Dennett's not an eliminativist though. He's a critic of it. — fdrake
Although most discussions regarding eliminativism focus on the status of our notion of belief and other propositional attitudes, some philosophers have endorsed eliminativist claims about the phenomenal or qualitative states of the mind (see the entry on qualia). For example, Daniel Dennett (1978) has argued that our concept of pain is fundamentally flawed because it includes essential properties, like infallibility and intrinsic awfulness, that cannot co-exist in light of a well-documented phenomenon know as “reactive disassociation”. In certain conditions, drugs like morphine cause subjects to report that they are experiencing excruciating pain, but that it is not unpleasant. It seems we are either wrong to think that people cannot be mistaken about being in pain (wrong about infallibility), or pain needn’t be inherently awful (wrong about intrinsic awfulness). Dennett suggests that part of the reason we may have difficulty replicating pain in computational systems is because our concept is so defective that it picks out nothing real.
According to Dennett...the reality is that the representations that underlie human behavior are found in neural structures of which we know very little. And the same is true of the similar conception we have of our own minds.
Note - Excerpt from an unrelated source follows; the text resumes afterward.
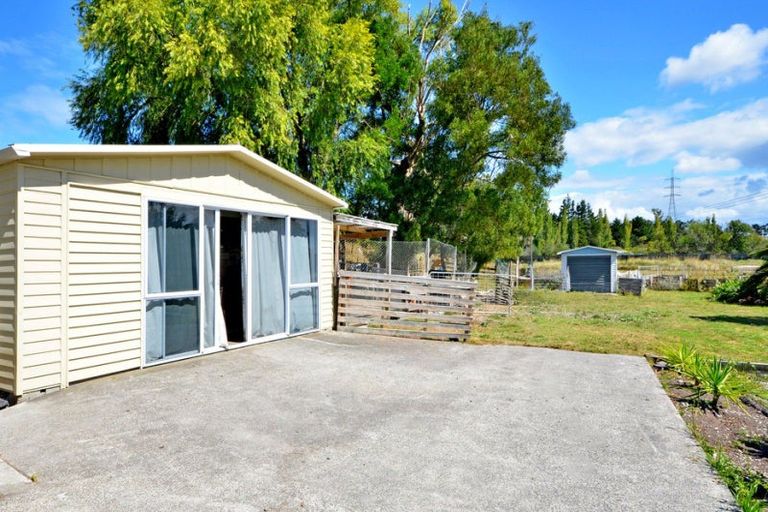 Photo of property in 1746 East Coast Road, Stillwater, Silverdale, 0794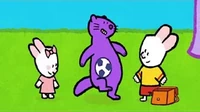 Нарисуй сурка Рисунки Тёмы Нарисуй сурка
That conception does not capture an inner reality, but has arisen as a consequence of our need to communicate to others in rough and graspable fashion our various competencies and dispositions (and also, sometimes, to conceal them):
"Curiously, then, our first-person point of view of our own minds is not so different from our second- person point of view of others’ minds: we don’t see, or hear, or feel, the complicated neural machinery churning away in our brains but have to settle for an interpreted, digested version, a user-illusion that is so familiar to us that we take it not just for reality but also for the most indubitable and intimately known reality of all. "
The trouble is that Dennett concludes not only that there is much more behind our behavioral competencies than is revealed to the first-person point of view—which is certainly true—but that nothing whatever is revealed to the first-person point of view but a “version” of the neural machinery. In other words, when I look at the American flag, it may seem to me that there are red stripes in my subjective visual field, but that is an illusion: the only reality, of which this is “an interpreted, digested version,” is that a physical process I can’t describe is going on in my visual cortex.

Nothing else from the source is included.